Created 2013-06-17 22:48:43 | Updated 2015-03-30 11:18:39 | Tags: official analyst filtering hardfilters

#### Objective

Apply hard filters to a variant callset that is too small for VQSR or for which truth/training sets are not available.

• TBD

#### Steps

1. Extract the SNPs from the call set
2. Determine parameters for filtering SNPs
3. Apply the filter to the SNP call set
4. Extract the Indels from the call set
5. Determine parameters for filtering indels
6. Apply the filter to the Indel call set

### 1. Extract the SNPs from the call set

#### Action

Run the following GATK command:

java -jar GenomeAnalysisTK.jar \
-T SelectVariants \
-R reference.fa \
-V raw_variants.vcf \
-L 20 \
-selectType SNP \
-o raw_snps.vcf


#### Expected Result

This creates a VCF file called raw_snps.vcf, containing just the SNPs from the original file of raw variants.

### 2. Determine parameters for filtering SNPs

SNPs matching any of these conditions will be considered bad and filtered out, i.e. marked FILTER in the output VCF file. The program will specify which parameter was chiefly responsible for the exclusion of the SNP using the culprit annotation. SNPs that do not match any of these conditions will be considered good and marked PASS in the output VCF file.

• QualByDepth (QD) 2.0

This is the variant confidence (from the QUAL field) divided by the unfiltered depth of non-reference samples.

• FisherStrand (FS) 60.0

Phred-scaled p-value using Fisher’s Exact Test to detect strand bias (the variation being seen on only the forward or only the reverse strand) in the reads. More bias is indicative of false positive calls.

• RMSMappingQuality (MQ) 40.0

This is the Root Mean Square of the mapping quality of the reads across all samples.

• MappingQualityRankSumTest (MQRankSum) 12.5

This is the u-based z-approximation from the Mann-Whitney Rank Sum Test for mapping qualities (reads with ref bases vs. those with the alternate allele). Note that the mapping quality rank sum test can not be calculated for sites without a mixture of reads showing both the reference and alternate alleles, i.e. this will only be applied to heterozygous calls.

This is the u-based z-approximation from the Mann-Whitney Rank Sum Test for the distance from the end of the read for reads with the alternate allele.
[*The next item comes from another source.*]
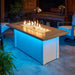 Havenwood 62" with Pebble grey Everblend top and White baseOutdoor with Clear Tempered Fire Glass Gems Fire and Lights On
If the alternate allele is only seen near the ends of reads, this is indicative of error. Note that the read position rank sum test can not be calculated for sites without a mixture of reads showing both the reference and alternate alleles, i.e. this will only be applied to heterozygous calls.

### 3. Apply the filter to the SNP call set

#### Action

Run the following GATK command:

java -jar GenomeAnalysisTK.jar \
-T VariantFiltration \
-R reference.fa \
-V raw_snps.vcf \
--filterExpression "QD < 2.0 || FS > 60.0 || MQ < 40.0 || MQRankSum < -12.5 || ReadPosRankSum < -8.0" \
--filterName "my_snp_filter" \
-o filtered_snps.vcf


#### Expected Result

This creates a VCF file called filtered_snps.vcf, containing all the original SNPs from the raw_snps.vcf file, but now the SNPs are annotated with either PASS or FILTER depending on whether or not they passed the filters.

For SNPs that failed the filter, the variant annotation also includes the name of the filter. That way, if you apply several different filters (simultaneously or sequentially), you can keep track of which filter(s) each SNP failed, and later you can retrieve specific subsets of your calls using the SelectVariants tool. To learn more about composing different types of filtering expressions and retrieving subsets of variants using SelectVariants, please see the online GATK documentation.

### 4. Extract the Indels from the call set

#### Action

Run the following GATK command:

java -jar GenomeAnalysisTK.jar \
-T SelectVariants \
-R reference.fa \
-V raw_HC_variants.vcf \
-L 20 \
-selectType INDEL \
-o raw_indels.vcf


#### Expected Result

This creates a VCF file called raw_indels.vcf, containing just the Indels from the original file of raw variants.

### 5. Determine parameters for filtering Indels.

Indels matching any of these conditions will be considered bad and filtered out, i.e. marked FILTER in the output VCF file. The program will specify which parameter was chiefly responsible for the exclusion of the indel using the culprit annotation. Indels that do not match any of these conditions will be considered good and marked PASS in the output VCF file.

• QualByDepth (QD) 2.0

This is the variant confidence (from the QUAL field) divided by the unfiltered depth of non-reference samples.

• FisherStrand (FS) 200.0

Phred-scaled p-value using Fisher’s Exact Test to detect strand bias (the variation being seen on only the forward or only the reverse strand) in the reads. More bias is indicative of false positive calls.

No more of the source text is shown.